Hay instituciones que juegan un papel central en el combate contra la pobreza y en la construcción de prosperidad para un país. Una de ellas es la universidad. No me refiero a ninguna universidad específica sino al esfuerzo colectivo de la nación en la creación y difusión del conocimiento en investigación y educación superior. En tanto que institución creadora de valores sociales, así como los medios de comunicación y la iglesia, las universidades autónomas públicas y privadas han estado sometidas a un acoso inclemente de parte del gobierno y sus aliados para convertirlas en instituciones dóciles al servicio del proceso revolucionario.
En paralelo, el gobierno se ha ocupado de hacer crecer un sistema de educación superior no sujeto a los incómodos procesos de admisión que restringen el acceso a las universidades autónomas y que supuestamente son responsables del carácter clasista de éstas. En el camino se han creado instituciones de segunda categoría que no garantizan los estándares académicos mínimos pero que crean una ficción de acceso popular.
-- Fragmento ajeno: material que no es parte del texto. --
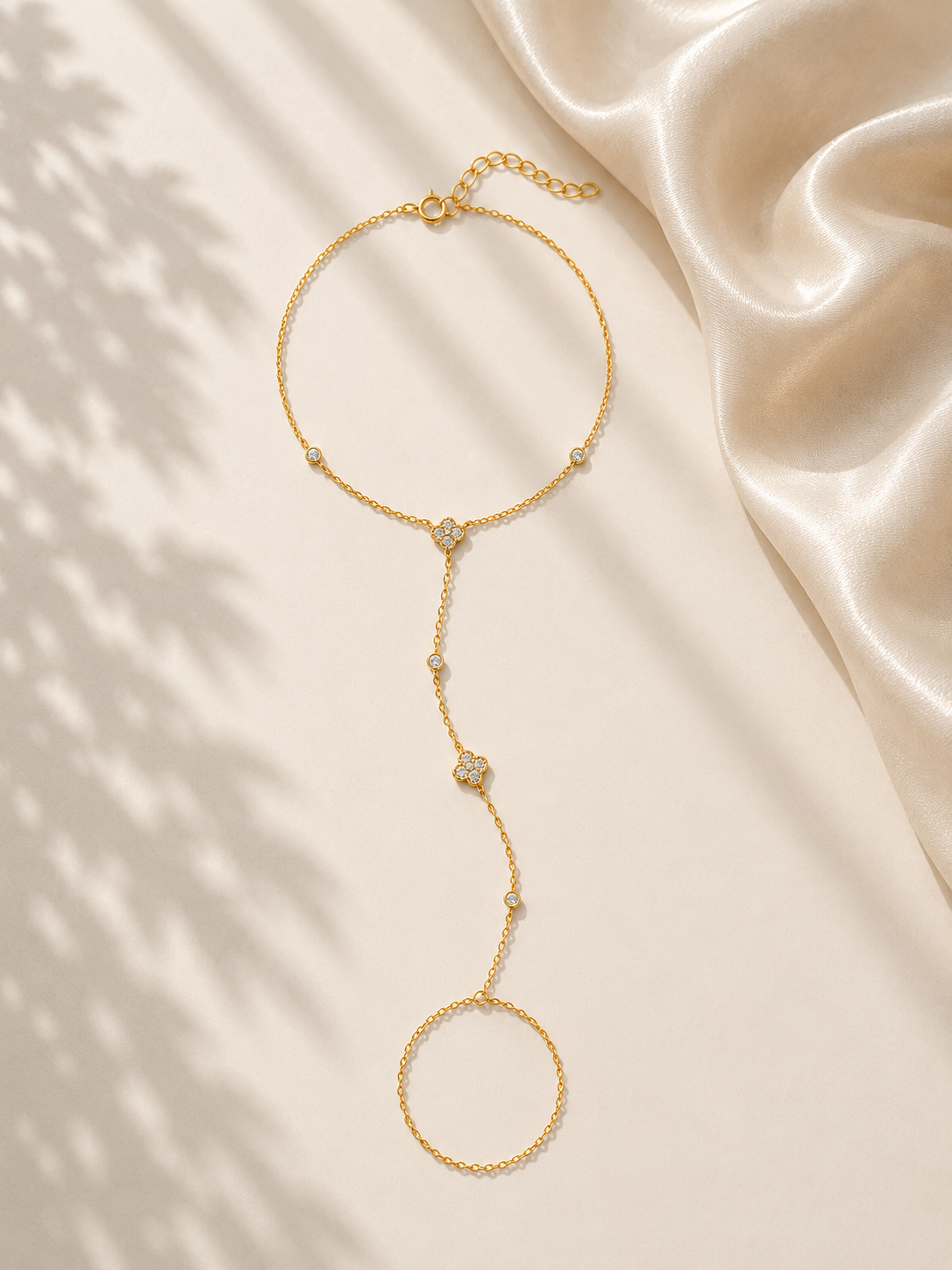 Brățară hand chain aurie cu flori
La conducta de acoso del gobierno a la universidad autónoma está acompañada de la asfixia presupuestaria y el estímulo poco disimulado al ejercicio de la "violencia revolucionaria" en el interior de nuestras casas de estudio. El resultado ha sido la renuncia de numerosos profesores y la salida del país de toda una generación de jóvenes venezolanos que han decidido continuar su formación fuera de Venezuela. El cuadro es tremendamente preocupante no sólo por los universitarios acorralados sino por se afecta la capacidad del país de salir de la pobreza.